A group $\Gamma\subset\mathrm U(2)$ is fixed-point free if there are no non-trivial $T\in\Gamma$ and non-zero $v\in\Bbb C^2$ with $Tv=v$. For example, $\mathrm U(2)$ itself is not fixed-point free, as
$$T:=\begin{pmatrix} -1 & 0 \\ \phantom+0 & 1 \end{pmatrix}\in \mathrm U(2)\setminus\{\mathrm{Id}\}$$
has the fixed point $(0,1)\in\Bbb C^2$.
I know that $\mathrm{SU}(2)\subset\mathrm U(2)$ is fixed point free (it acts like the multiplicative group of unit quaternions on $\Bbb H\cong\Bbb C^2$). It is also maximal, since it acts regularly on the unit sphere $\Bbb S^1(\Bbb C)\subset\Bbb C^2$. There are also the conjugates of $\mathrm{SU}(2)$. But are there any others?
Update
Thanks to the enlightening answer by YCor, I understand that the problem in this form seems to be intractable. By that answer I also realized that what I am more interested in are those maximal fixed-point free subgroups that have "interesting" finite subgroups, that is, other than, say, $\{\mathrm{Id}\}$ and $\{\pm\mathrm{Id}\}$. Or also, closed subgroups (in the topological sense).

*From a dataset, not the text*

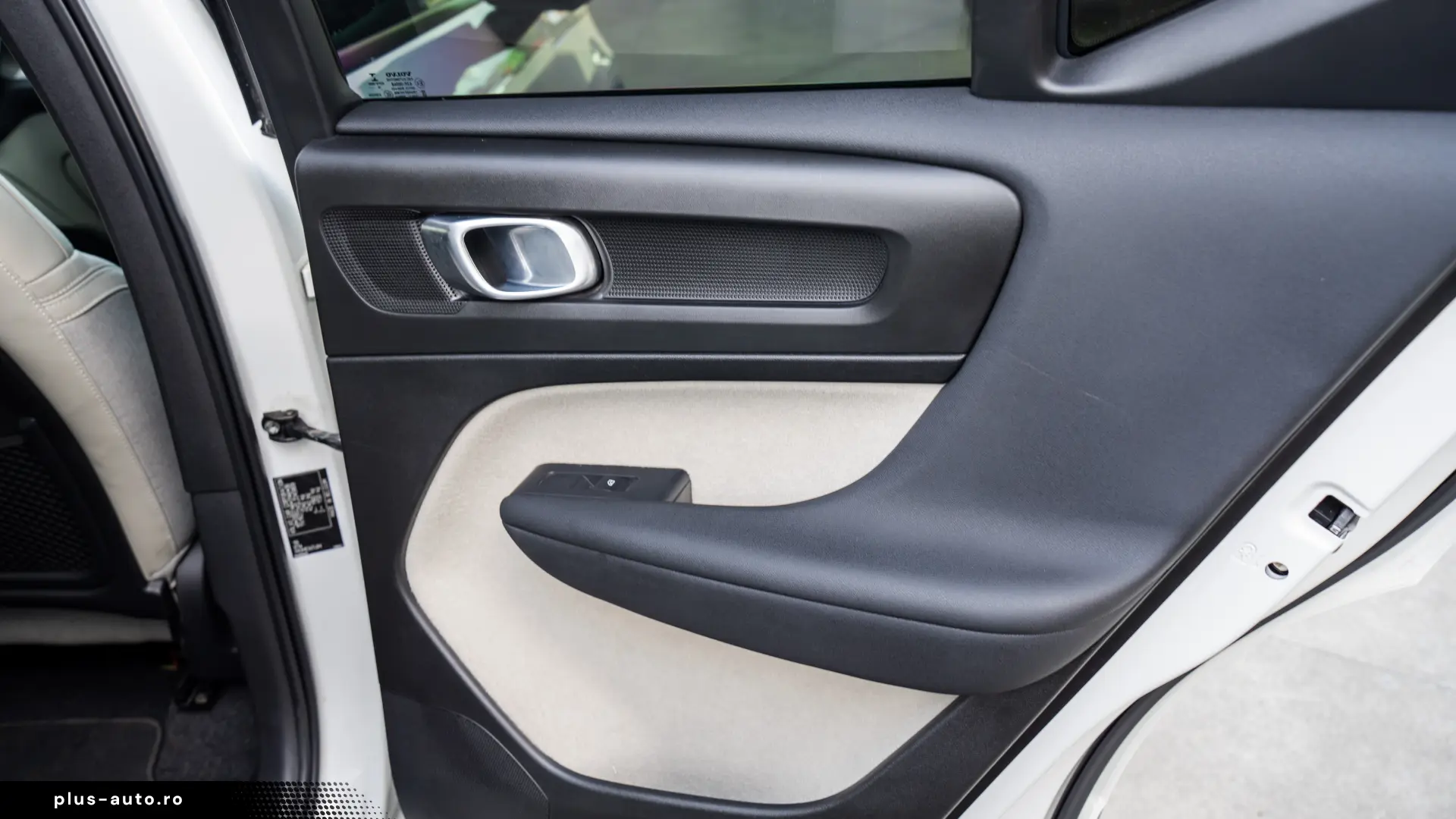 Volvo XC40 AWD D3 2.0 150CP Momentum Aut Led 360 H&K ACC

YCor's answer already established that besides $\mathrm{SU}(2)$ we have the maximal torus $\mathrm U(1)\times\mathrm U(1)$ as another maximal subgroup. Both are closed and have "interesting" finite subgroups.
I can answer the question in the text "are there any others", the answer is yes, and I expect many, although I don't claim to answer the question in the title "What are the fixed-point free..." since it's not a full description.
Restated in more standard terms, the question is to understand the class $\mathcal{L}$ of subgroups of $\mathrm{U}(2)$ acting freely on $\mathbf{C}^2$ and especially describe the set $\mathcal{L}_\max$ maximal elements in $\mathcal{L}$.
The OP already observed that $\mathrm{SU}(2)\in\mathcal{L}_\max$.
If $X$ is the closed subset of $\mathrm{U}(2)$ consisting of elements with $1$ as eigenvalue, observe that $\mathcal{L}$ consists of subgroups $G$ such that $G\cap X=\{\mathrm{id}\}$. Clearly every element of $\mathcal{L}$ is contained in a maximal one.
There are obvious cyclic subgroups in $\mathcal{L}$, namely the subgroup generated by any diagonal matrix $(u,v)$ with $|u|,|v|=1$ and $u,v$ not roots of unity. Choosing $uv\neq 1$, and embedding into a maximal subgroup, we obtain elements of $\mathcal{L}_\max$ that are not included in $\mathrm{SU}(2)$.
I also claim that any generic (in the topological or measure-theoretic meaning) pair freely generates a subgroup in $\mathcal{L}$. Indeed, for every nontrivial word $w(x,y)$, the $Y_{w}$ of pairs $(g,h)$ such that $w(g,h)\in X$ is Zariski-closed and is not the whole set of pairs (by evaluation to a free pair in $\mathrm{SU}(2)$). Hence the union over $w$ of $Y_w$ has measure zero, and is an $F_\sigma$ subset. For this we see that there are dense subgroups in $\mathcal{L}_\max$, and pushing a little it can be checked that it has dense subgroups of cardinal $2^{\aleph_0}$.
I guess there is no reasonable way to list elements of $\mathcal{L}_\max$. For instance, I expect that the cardinal of $\mathcal{L}_\max$ is the largest possible, namely $2^{2^{\aleph_0}}$; still I can check that this is the cardinal of $\mathcal{L}$. (But at the moment I don't even have a proof that $\mathcal{L}_\max$ modulo conjugation has cardinal $\ge 2^{\aleph_0}$.)